A poeta e escritora angolana Maria Chimbili, conhecida como Nakamela, nasceu no Huambo em 1994. Formada em ciências sociais, a escritora analisa a “cura” como mudança social, pois acredita que o autoconhecimento seja uma das formas de alcançá-la, impulsionando o desenvolvimento pessoal e profissional de cada cidadão.

“Gosto de acreditar que a minha escrita funciona como uma maquina do tempo que leva as pessoas para o passado e para o futuro, aquecendo sentimentos que se encontravam frios e acendendo luzes em quartos esquecidos. Desejo escrever livros que sirvam como arma contra sentimentos que matam.”

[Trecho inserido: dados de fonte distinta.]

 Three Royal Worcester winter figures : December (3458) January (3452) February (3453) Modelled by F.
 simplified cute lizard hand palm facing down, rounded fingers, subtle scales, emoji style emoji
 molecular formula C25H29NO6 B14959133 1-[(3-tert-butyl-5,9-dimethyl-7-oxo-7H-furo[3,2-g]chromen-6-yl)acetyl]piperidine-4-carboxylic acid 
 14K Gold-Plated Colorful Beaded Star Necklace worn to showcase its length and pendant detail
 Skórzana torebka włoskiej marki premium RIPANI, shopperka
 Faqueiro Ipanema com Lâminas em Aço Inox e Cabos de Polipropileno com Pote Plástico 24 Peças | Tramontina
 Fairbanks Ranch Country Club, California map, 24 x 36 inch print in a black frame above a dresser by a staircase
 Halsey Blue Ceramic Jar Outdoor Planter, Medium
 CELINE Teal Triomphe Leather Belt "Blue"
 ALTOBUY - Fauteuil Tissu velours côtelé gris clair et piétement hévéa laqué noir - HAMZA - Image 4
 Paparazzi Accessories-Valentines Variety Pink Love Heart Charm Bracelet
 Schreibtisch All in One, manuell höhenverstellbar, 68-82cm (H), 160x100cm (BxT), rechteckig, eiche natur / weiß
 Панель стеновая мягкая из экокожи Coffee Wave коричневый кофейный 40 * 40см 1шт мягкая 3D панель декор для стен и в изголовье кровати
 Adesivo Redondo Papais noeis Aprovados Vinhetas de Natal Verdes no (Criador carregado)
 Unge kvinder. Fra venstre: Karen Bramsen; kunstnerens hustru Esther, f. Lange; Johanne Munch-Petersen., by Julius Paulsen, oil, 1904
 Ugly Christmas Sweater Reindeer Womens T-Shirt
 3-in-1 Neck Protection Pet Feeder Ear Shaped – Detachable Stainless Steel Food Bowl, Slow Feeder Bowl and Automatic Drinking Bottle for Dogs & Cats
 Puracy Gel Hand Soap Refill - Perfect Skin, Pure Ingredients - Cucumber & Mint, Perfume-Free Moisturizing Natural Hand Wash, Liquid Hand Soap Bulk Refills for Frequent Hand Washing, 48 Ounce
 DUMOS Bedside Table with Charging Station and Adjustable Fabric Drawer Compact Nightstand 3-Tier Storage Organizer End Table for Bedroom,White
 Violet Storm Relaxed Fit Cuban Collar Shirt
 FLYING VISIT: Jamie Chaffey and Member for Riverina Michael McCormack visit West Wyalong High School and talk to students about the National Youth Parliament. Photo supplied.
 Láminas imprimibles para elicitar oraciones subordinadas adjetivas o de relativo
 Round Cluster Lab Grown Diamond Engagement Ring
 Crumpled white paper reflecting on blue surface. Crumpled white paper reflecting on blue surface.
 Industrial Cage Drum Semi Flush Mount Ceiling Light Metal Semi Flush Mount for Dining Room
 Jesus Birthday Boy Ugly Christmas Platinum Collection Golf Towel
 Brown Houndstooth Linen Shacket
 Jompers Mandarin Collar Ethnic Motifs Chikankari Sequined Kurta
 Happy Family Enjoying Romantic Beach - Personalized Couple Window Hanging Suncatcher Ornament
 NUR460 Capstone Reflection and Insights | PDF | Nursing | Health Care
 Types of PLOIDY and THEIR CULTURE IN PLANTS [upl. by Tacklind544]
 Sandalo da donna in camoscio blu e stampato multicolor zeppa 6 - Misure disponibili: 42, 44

Respostas a “A Poesia de Nakamela na Kuruma’tá”

  1. Felicidade Paulo

    Amo ler-te . Os teus textos são analgésicos , são fonte de inspiração para o meu coração.
    Força e muita força.

  2. José Garcia

    AMAZING !!!
    SER KOTA DEFINITELY CANSA.

  3. Maria Luísa Fernando Garcia

    A mãe grande da poesia contemporânea. Ser kota não é para amadores.